It’s the former Marine fighter pilot’s first big swing at moving on from a surprisingly close June 23 Democratic primary win and turning her attention back to finding the kind of message it will take to unseat the Senate majority leader in a state President Donald Trump carried by 30 points four years ago.
Her primary performance didn’t make the task any easier. Several gaffes were used by opponents on both sides to paint her as inauthentic, including a notable debate with state Rep. Charles Booker in which McGrath fumbled for an answer about why she hadn’t joined Black Lives Matter protesters.

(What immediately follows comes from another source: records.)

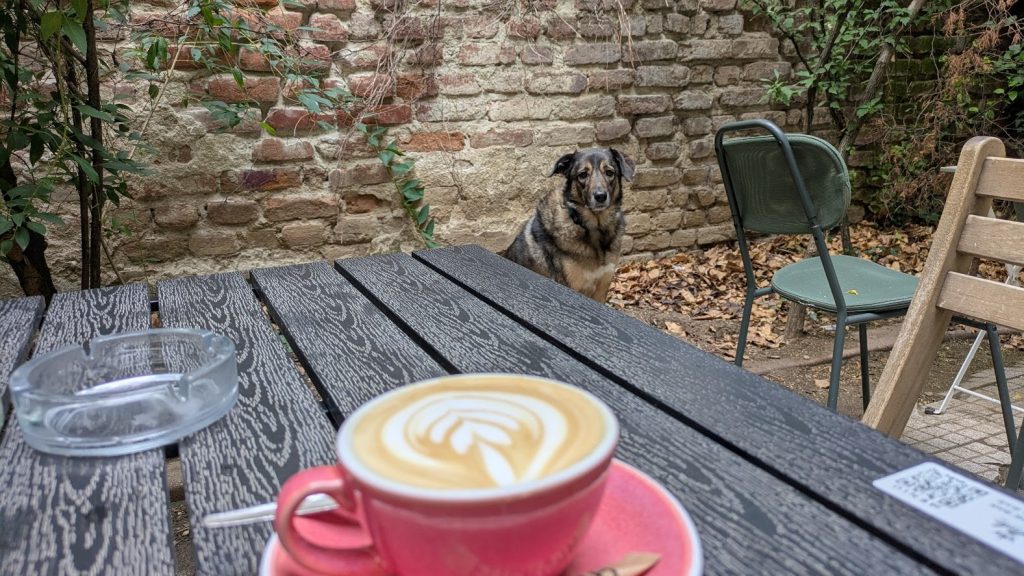 Agenda Urbană: Cosmin, recomandări culturale pentru București (24-30 aprilie)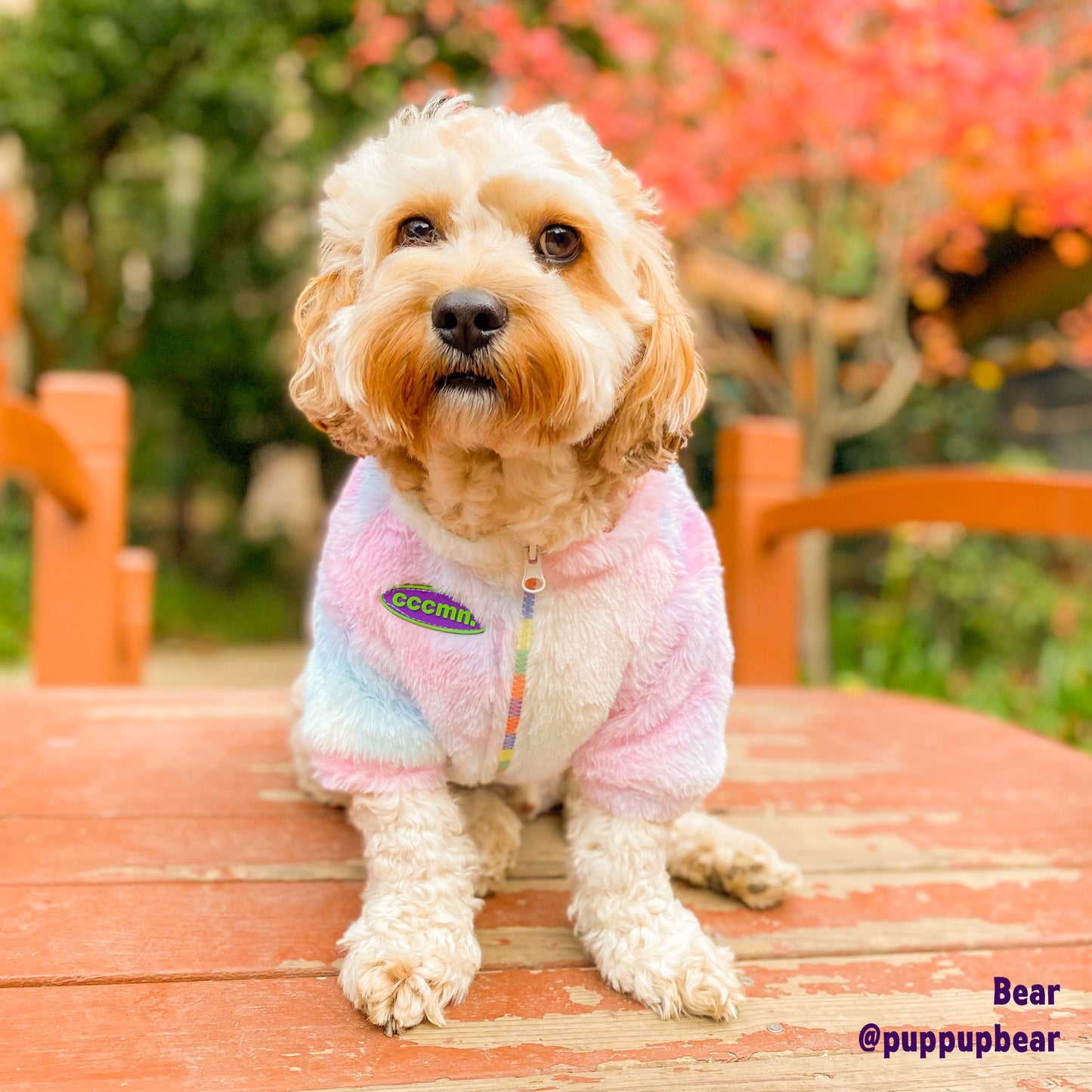 Fluffy Rainbow Jacket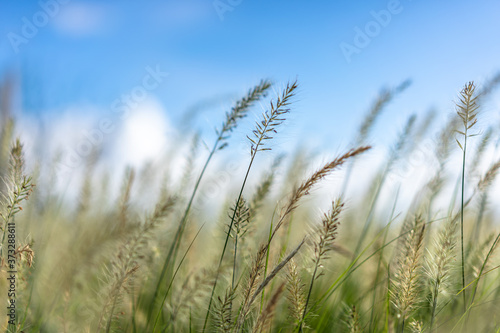 field of wheat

“She looked like an equivocating, uncertain, sail-trimming politician,” said Al Cross, director of the Institute for Rural Journalism at the University of Kentucky. “Now she has to redefine herself not only for the more progressive and liberal people in the party, which aren’t that many in the state, but also for people who put a premium on strength and certainty and solidity.”
McGrath has aired ads against McConnell for months. Her Federal Election Commission report due Wednesday showed she spent $31 million by the end of June.

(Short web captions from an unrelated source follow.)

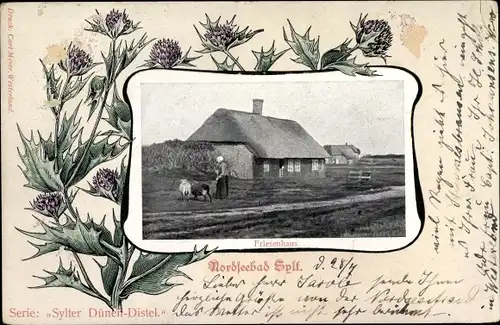 Passepartout Ak Insel Sylt in Nordfriesland, Friesenhaus, Dünendistel
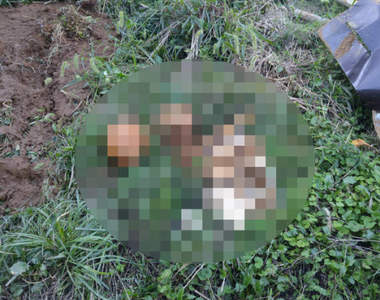 閱覽注意《夾帶人骨的土石流》強颱過境推民在自家車棚驚見骷顱頭...џ(ºДºџ)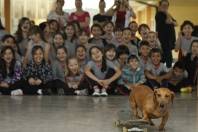 O Projeto “Vivência Intergeracional” integrou os idosos de vários Grupos de Convivência e alunos da Escola Municipal Virginia Soares nesta quarta e quinta-feira, 24 e 25 de outubro. - Fotografo: Kátia Nascimento - Data: 25/10/2012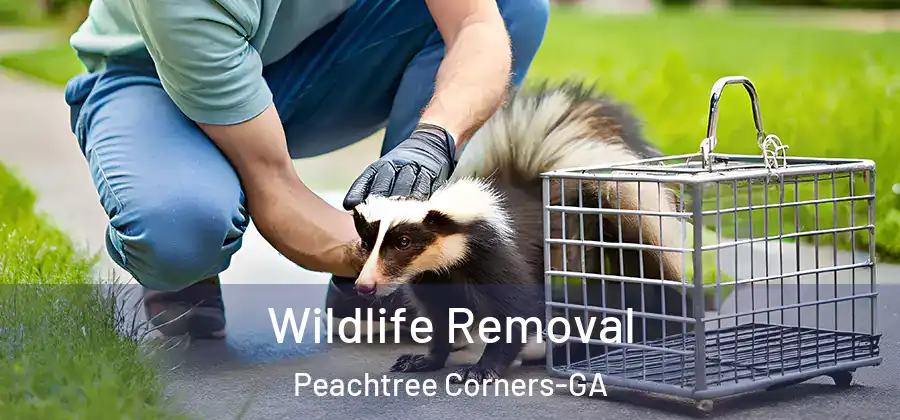 Wildlife Removal Peachtree Corners-GA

Her challenge now is to reach the 43% of primary voters who were drawn to Booker’s energy while also appealing to Republicans who may be fed up with McConnell.
Rallying both groups is a long shot, said Jimmy Cauley, a Kentucky Democratic strategist. But it’s doable if McGrath can make the race a referendum on McConnell.
“If she makes it about the voters of Kentucky and what he has done and not done for them, I think she’s got a real shot,” he said.
Primary Dynamics
Billy Piper, a former chief of staff for McConnell, said McGrath’s inability to deliver a consistent message has hurt her. That was the focus of a McConnell ad earlier this month, which cited a Booker interview in which he said McGrath changes her positions on issues and that “Kentuckians can smell BS from miles away.”
That issue has plagued McGrath since the first days of her campaign. She criticized McConnell for not doing enough to further parts of Trump’s agenda, but she’d previously compared the day Trump was elected to 9/11. She also flip-flopped on whether she would have supported Supreme Court Justice Brett Kavanaugh’s nomination.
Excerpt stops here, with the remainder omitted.